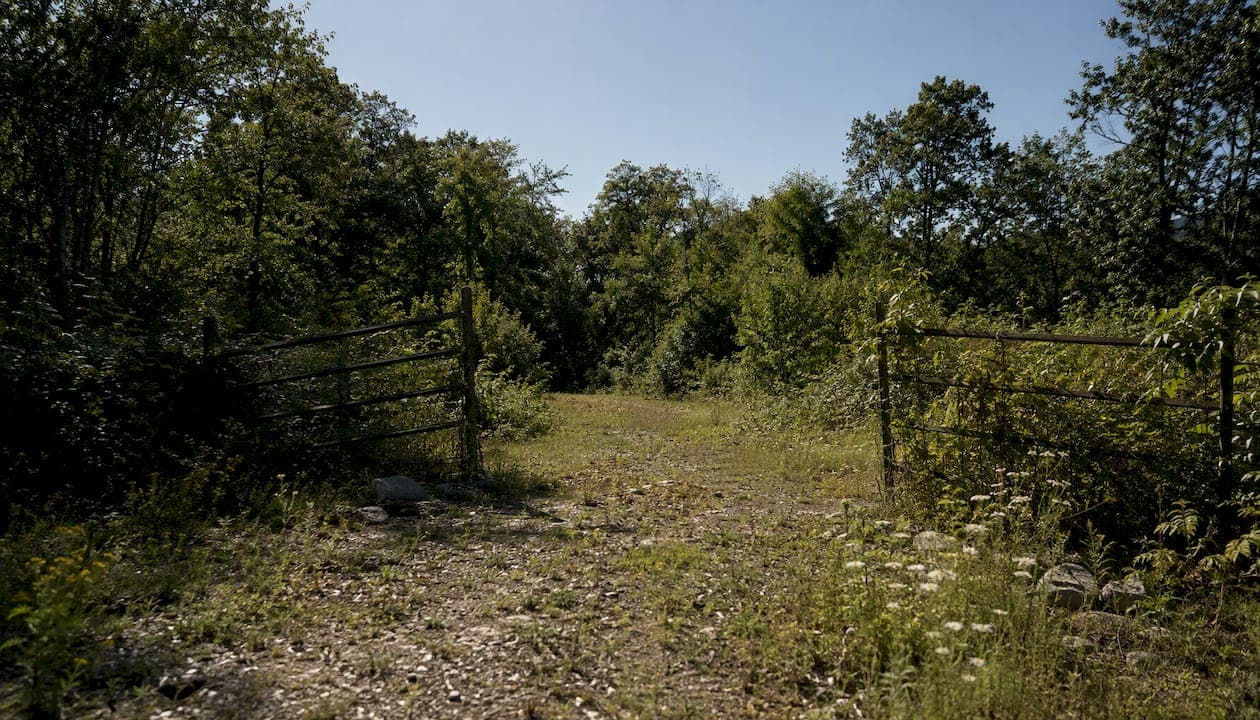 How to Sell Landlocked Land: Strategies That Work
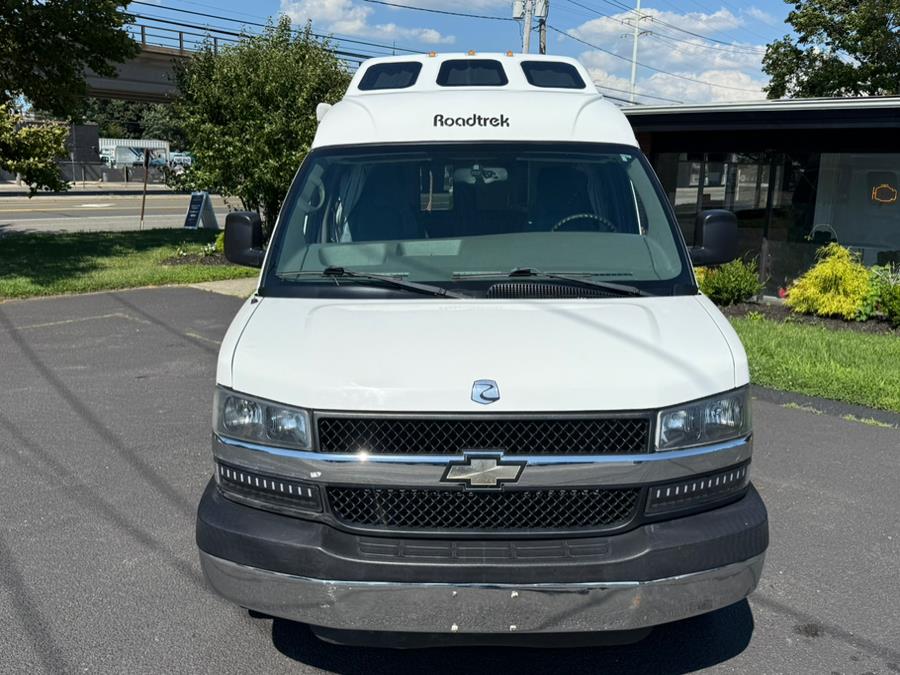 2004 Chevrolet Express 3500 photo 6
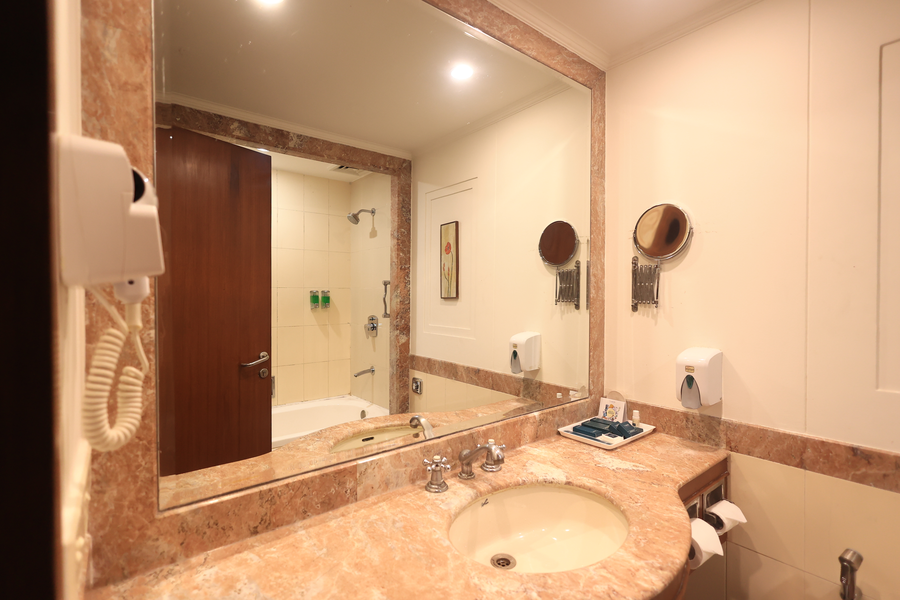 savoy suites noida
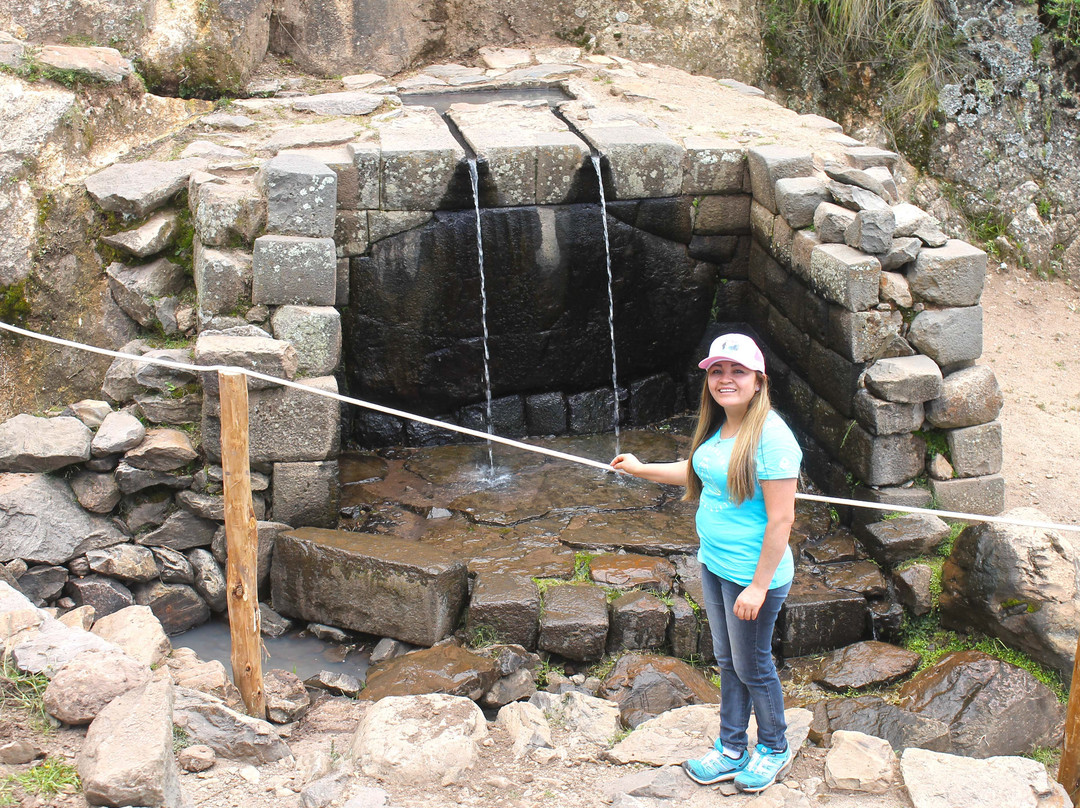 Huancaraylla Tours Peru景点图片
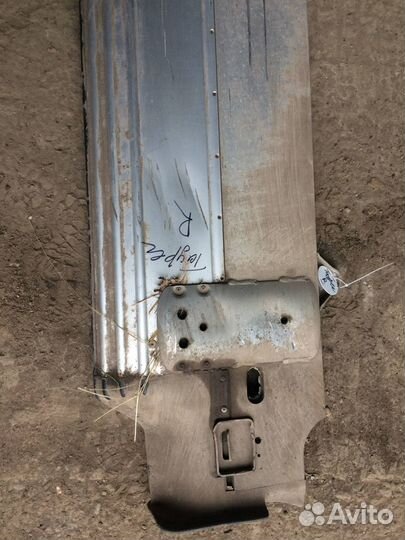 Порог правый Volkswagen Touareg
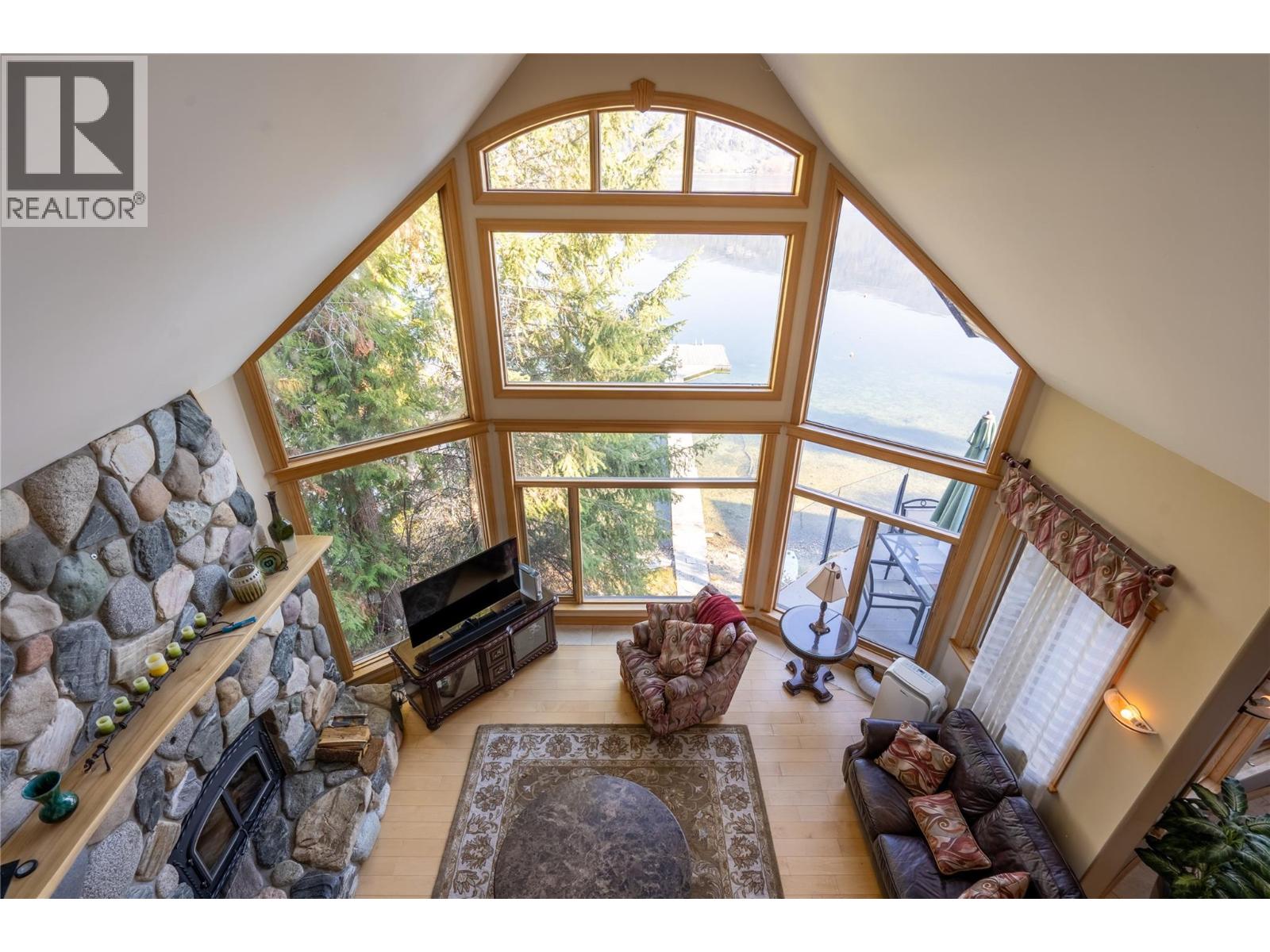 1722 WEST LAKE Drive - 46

...

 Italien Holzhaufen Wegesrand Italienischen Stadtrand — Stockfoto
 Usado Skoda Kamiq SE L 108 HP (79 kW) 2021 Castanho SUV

_Exercise description:_ Using the records above, print exactly the lines between the ones containing "How to Sell" and "1722 WEST LAKE Drive - 46", inclusive, and nothing else; no pictures.

_Task response:_
 How to Sell Landlocked Land: Strategies That Work
 2004 Chevrolet Express 3500 photo 6
 savoy suites noida
 Huancaraylla Tours Peru景点图片
 Порог правый Volkswagen Touareg
 1722 WEST LAKE Drive - 46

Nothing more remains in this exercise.